Data for analysis:
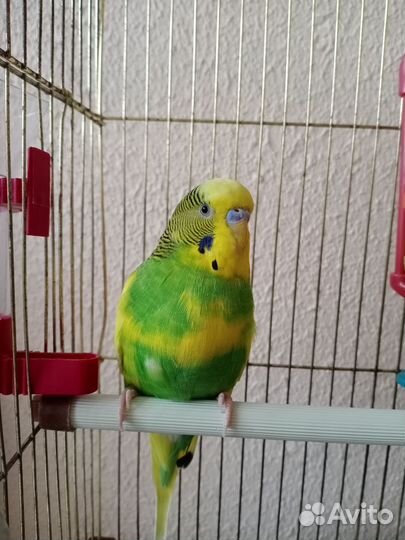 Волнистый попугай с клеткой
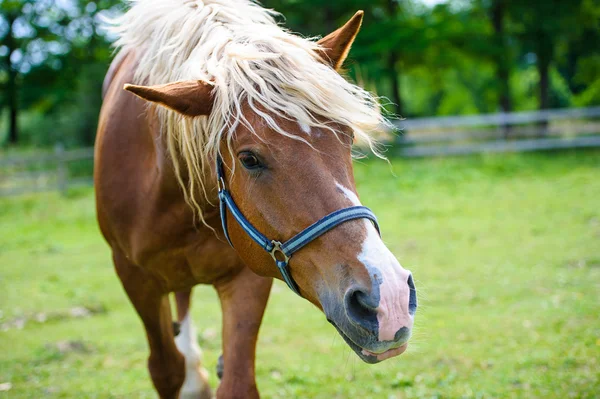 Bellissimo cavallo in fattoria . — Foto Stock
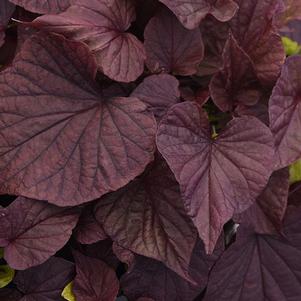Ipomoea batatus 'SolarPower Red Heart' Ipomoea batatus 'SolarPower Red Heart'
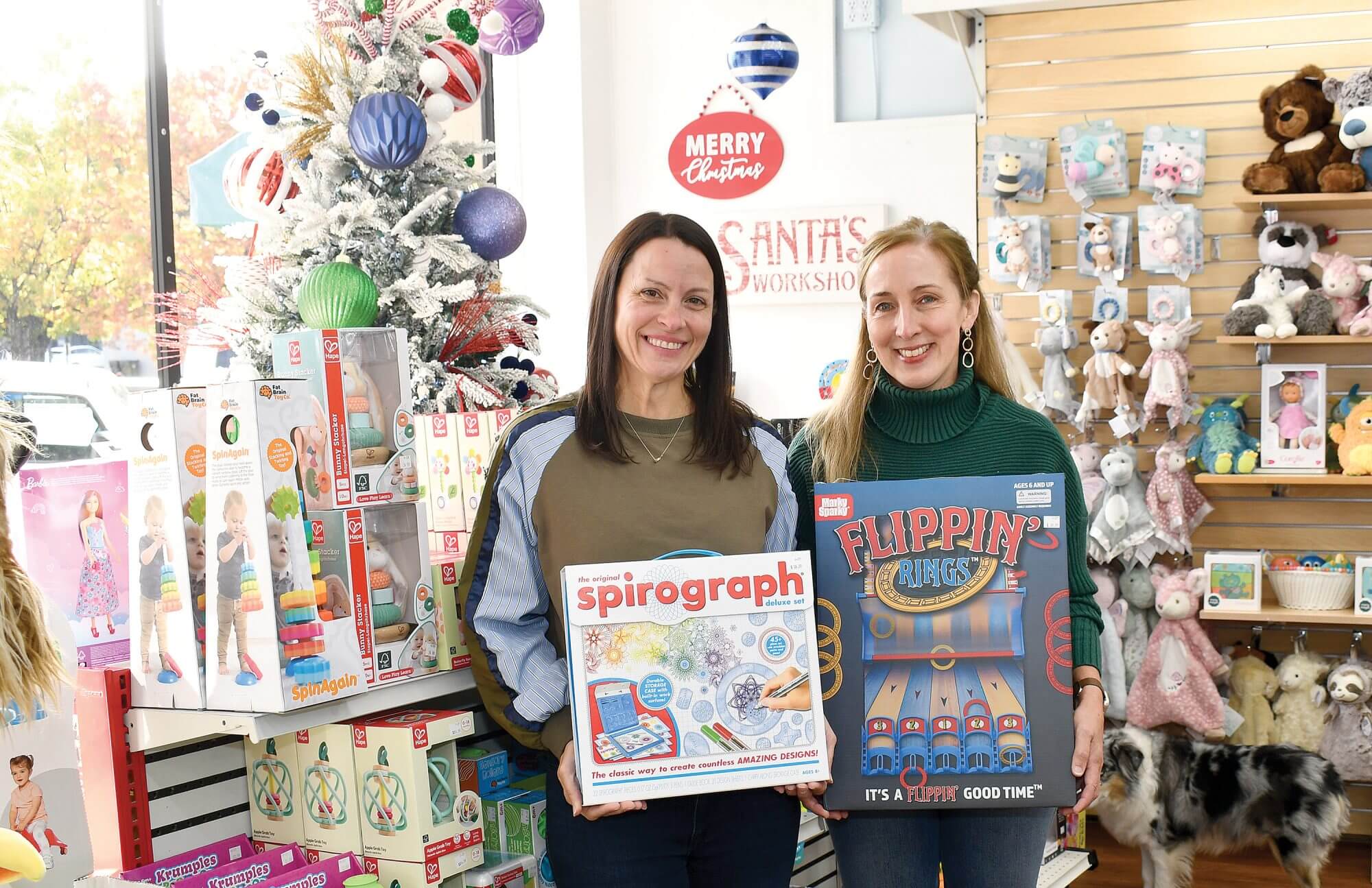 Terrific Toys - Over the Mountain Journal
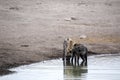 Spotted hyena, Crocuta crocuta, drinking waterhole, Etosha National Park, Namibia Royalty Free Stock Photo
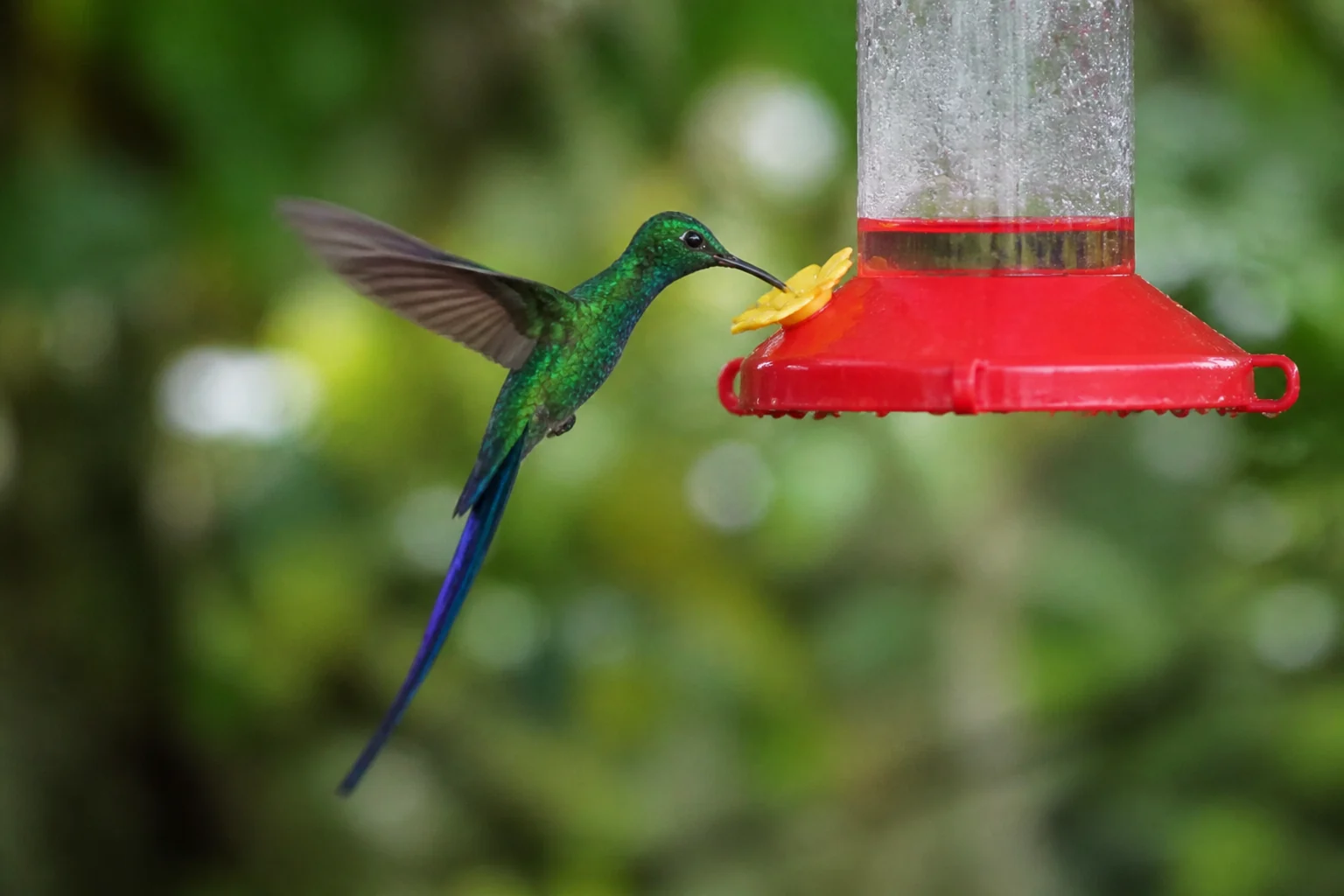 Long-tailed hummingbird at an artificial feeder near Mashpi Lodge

Work instructions: Exactly as written, please give again the lines from the beginning of the listing through the line containing "Terrific Toys - Over the Mountain Journal", inclusive, without any pictures.

Answer:
 Волнистый попугай с клеткой
 Bellissimo cavallo in fattoria . — Foto Stock
Ipomoea batatus 'SolarPower Red Heart' Ipomoea batatus 'SolarPower Red Heart'
 Terrific Toys - Over the Mountain Journal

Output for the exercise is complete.